[#62] Proofread the tutorial README

ipums · Dec 1, 2022 · a3b32a8 · a3b32a8
1 parent 3fdf929
commit a3b32a8
Showing 1 changed file with 14 additions and 15 deletions.
diff --git a/examples/tutorial/README.md b/examples/tutorial/README.md
@@ -23,21 +23,27 @@ dataset A to be aged 50 in dataset B.
 
 ## The Config File and Linking Strategy
 
-To link these two datasets, we a configuration file that directs
+To link these two datasets, we need a configuration file that directs
 hlink on what operations to perform and how to determine when a link is found. For
 our tutorial example, we'll use deterministic linking, but hlink is also capable
 of using machine learning models to classify possible links between the datasets.
 
 In this section we'll walk through the process of creating the tutorial\_config.toml
 file that can be found in this directory. Creating a config file can be complicated.

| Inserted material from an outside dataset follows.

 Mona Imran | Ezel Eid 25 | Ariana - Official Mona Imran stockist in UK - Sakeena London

-See the hlink documentation for a detailed explanation of the different config
-file sections and keys.
+See the [hlink documentation](https://hlink.docs.ipums.org) for a detailed
+explanation of the different config file sections and keys.
 
 The first step in creating a config file is describing the data to hlink. The
 `id_column` key tells hlink the name of the id column which uniquely identifies
 each record in a dataset. In our case, this is "ID". The `datasource_a`
 and `datasource_b` sections give hlink information about where to find the input
-files. We give hlink the relative path to our data files in these sections.

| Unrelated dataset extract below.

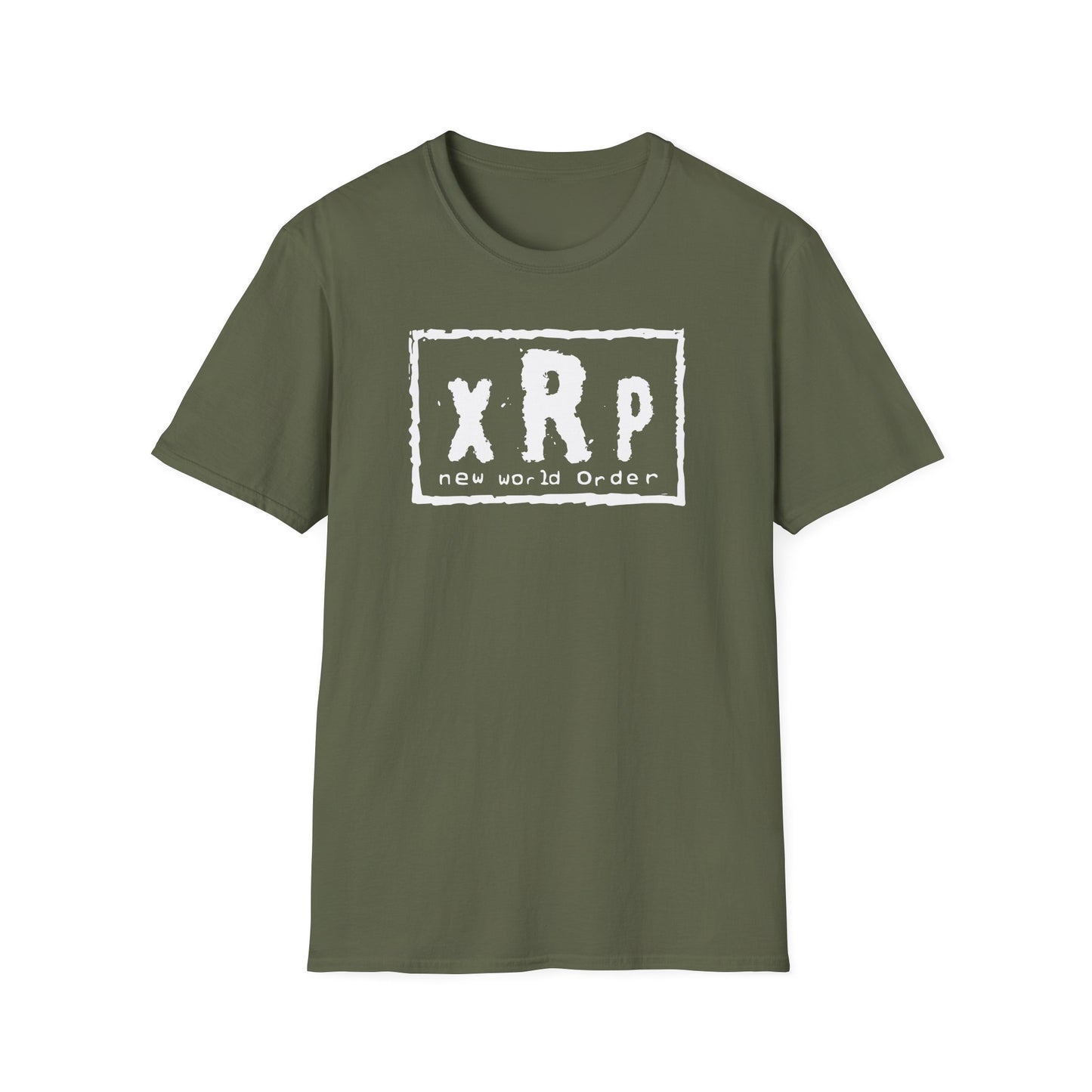 XRP NWO - Unisex Cotton Tee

+files. We give hlink the relative path to our data files in these sections. Each
+column that we want to read from the dataset files into hlink must appear in a
+`column_mappings` section. By default a `column_mappings` section reads in the
+column unchanged, but it can also be used to perform some preprocessing and
+cleaning on the column as it is read in. In our config file, we have hlink
+lowercase names and strip leading and trailing whitespace to support comparability
+between the datasets.
 
 After describing the data to hlink, we need to think about our linking strategy.
 How will we determine who links between the two datasets? Do we need to do any
@@ -76,13 +82,6 @@ threshold of 0.84. If a single record pair reaches both thresholds, then we call
 it a link! This pair of records will end up in `potential_matches.csv` when the
 script completes.
 
-In the real world, it's very likely that the names in dataset A and dataset B
-are not consistently formatted. This is where the `column_mappings` section
-comes in. It tells hlink to perform some data cleaning in the preprocessing step
-before matching occurs. The column mappings in the tutorial config file strip
-whitespace from the names and lowercase them to remove discrepancies in formatting
-between the two datasets.
-
 Now that the config file is written, we can run hlink to generate some links. See
 the next section for a description of the tutorial script that runs hlink.
 
@@ -93,11 +92,11 @@ hlink to generate potential matches between the two datasets. It creates a `Link
 which is the main way to control the hlink library. After analyzing the
 config file for errors, it runs two link tasks: preprocessing and matching.
 
-The preprocessing task reads the data from the datasets in and does the data
+The preprocessing task reads in the data from the datasets and does the data
 cleaning and column mapping that we've asked it to do for us in the config file.
 
 The matching task does the real linking work, finding links between the two datasets.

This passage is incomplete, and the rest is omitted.